Valuation of seed stage startups, especially, are typically valued according to this concept, and are especially valued higher in active VC markets where liquidity is higher and where investors, in some cases, are more experienced about valuation trends. However, that’s not necessarily the value that you created as a founder, it mostly depends on your future potential: if you don’t have a ready product and your startup has been valued at $2 million, it’s highly unlikely that someone will acquire your company then for $2 million, but you may be able to give away 10-15% of shares for $250,000. That’s because the investor probably has the knowledge and experience to monetise the investment through a startup investment portfolio, and by pushing for an exit. An acquiror might not be able to manage or monetise a seed-stage investment: at that point in time, the value of what you created so far is likely close to $0. As you can see, you value depends on your potential, and your potential is also influenced by your financing roadmap and the shareholders’ involvement.  There are many scenarios where you can make this argument, which leads to investors overpaying or underpaying for an investment. As an investor, whether you want it or not, you are part of the story.

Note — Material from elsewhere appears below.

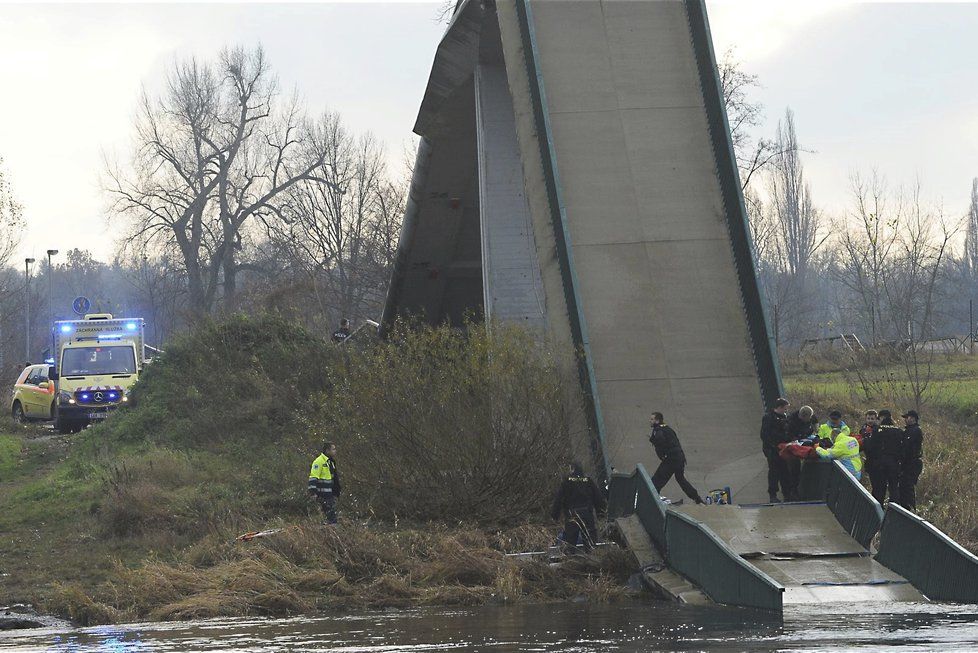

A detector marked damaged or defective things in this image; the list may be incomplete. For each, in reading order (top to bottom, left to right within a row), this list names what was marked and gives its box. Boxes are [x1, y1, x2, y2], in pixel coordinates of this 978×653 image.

broken railing section [608, 464, 780, 612]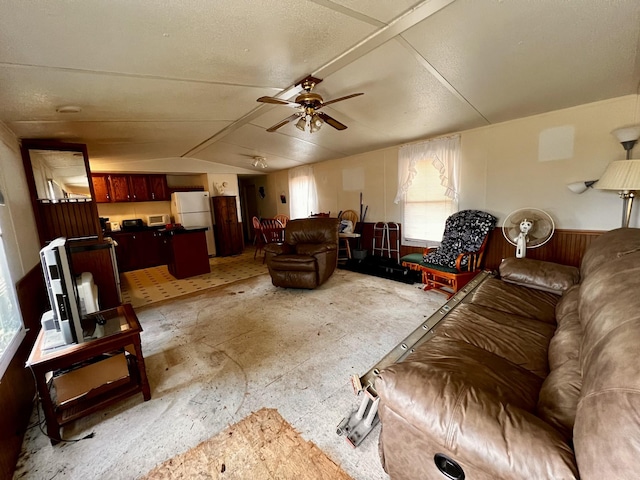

For example, when valuing startup holdings in an investor portfolio, I notice that different investors have different rights attached to the shares, and some may have more influence thanks to a board seat. When valuing a startup, you typically take into account the scenario of an upcoming fundraising. So let’s say that the startup is likely to reach a post-money valuation of $ 10 million during the new transaction. As an existing investor, let’s say that you have 10% of that company in your portfolio: it’s unlikely that your holding is valued at $ 1 million. The International Private Equity and Venture Capital Association indicates that a startup holding should ideally be valued at the Price of Recent Investment, but in many circumstances you can adjust this method or use different methods, and in many cases these circumstances are present. First, your shares will be diluted at the next round, possibly through multiple fundraising rounds, and if the new investors have additional rights, for example they may be a corporate that may dilute the value by absorbing the company know-how, they may have different preference rights, and so on. The value of the holding may even be higher if the new investor got a cheap deal and there is a likely exit event in sight. What really matters is how much you will get in an exit or other liquidity event out of your holding, when, and what’s the current risk attached to it. Knowing the exact value now for illiquid investment may only be needed for your accounts, but there are many situations where a different value than the market value should be considered.YOUR VALUATION IS NOT FIXED IN STONE Valithea Advisory

We take the example of an entrepreneur who wants to know the value of their assets, let’s say for tax reasons, without any intention of selling the business or looking for financing. This will be the value of their stand-alone company and depends on the asset value they have built up so far and the expected future profits. It will likely be lower than in an exit situation.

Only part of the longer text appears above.